The first half hour of “Letters to Obama,” a performance at the Experimental Station, consisted of everyone setting up. In a space focused on community, this really means everyone, myself included. One performer set out hummus dip for eating “between transitions.” He was Reggie Eldridge, who, I later learned was a poet, the night’s favorite performer, and an 11th grade teacher in Englewood. He also helped to rearrange chairs, while I led two attendees to the sometimes hard to find Experimental Entrance on Blackstone Avenue. Once the emcee, Dwayne Mann, dimmed the lights to an off-copper hue, a voice boomed:
“America is the greatest country of all.”
This declaration was made by Justin Knight, a fifteen year-old from Brooklyn, in Elphine Fawundu Buford and Kayinde Harris’ film Dear Mr. President. It was a bold statement of pride, a sentiment very different from many of the performances that were to follow that night. In fact, Justin Knight’s confident patriotism presented one of two emotional positions when it comes to this election: that of the hopeful and that of the weary. With just two days before the election, Letters to Obama meshed the performers’ opposing expectations (or lack thereof) through myriad media.
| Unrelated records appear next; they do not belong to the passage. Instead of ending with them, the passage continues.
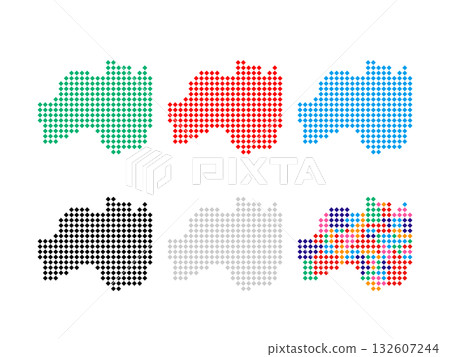 像素藝術地圖_福島縣_方點-04 像素藝術地圖_福島縣_方點-04 132607244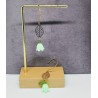 Boucles d'oreilles / FEUILLE / CLOCHETTE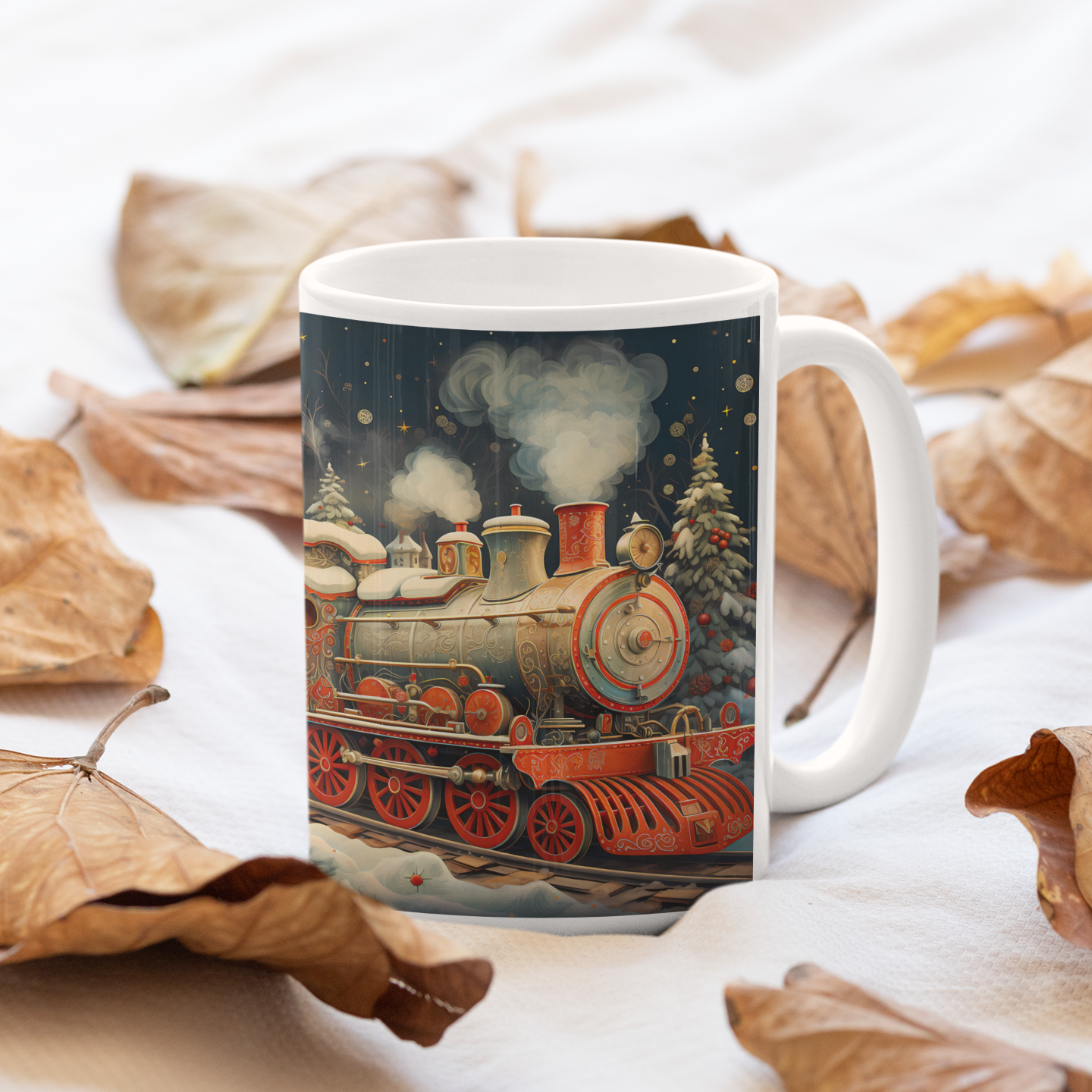 "Christmas Train" 15 oz Coffee Mug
One flurried performance by Margaret Lebron consisted of torn Kleenex and dried tears. In 2008, Lebron–a military sister–cried daily under the overwhelming sense of reformative possibilities she saw in Obama, “a guy from [her] neighborhood who promised to end the wars.” Now, the only thing Lebron cries over is her “Sallie Mae loans.” This cynical shift in expectations–a theme among the older artists in attendance–was in great contrast to the unique lack of fatigue found in first-time voters’ performances. The last performance by beat boxer Justin Zullo made the crowd, in both chant and action, echo his calls to “stand up.” In Zullo’s creation of an interactive environment, there was an emphasis on perseverance and participation. No matter how long over time the event ran, Zullo was still going to perform and do so in a way that called others to action.
Similarly, “Letters to Obama” left the sense that change is possible. Voters may be disillusioned, but they shouldn’t be embittered, and they shouldn’tÂ stop “standing up” for a hope they’ve always believed in. As Zullo’s performance ended, he pointed at the four youngest performers–a group called White Elephant. “They’ve been yelling the loudest this whole time; they’ve made four sound like 20.” It is this power of persevering possibility, no matter how overdue change is, that “Letters to Obama” reinforced.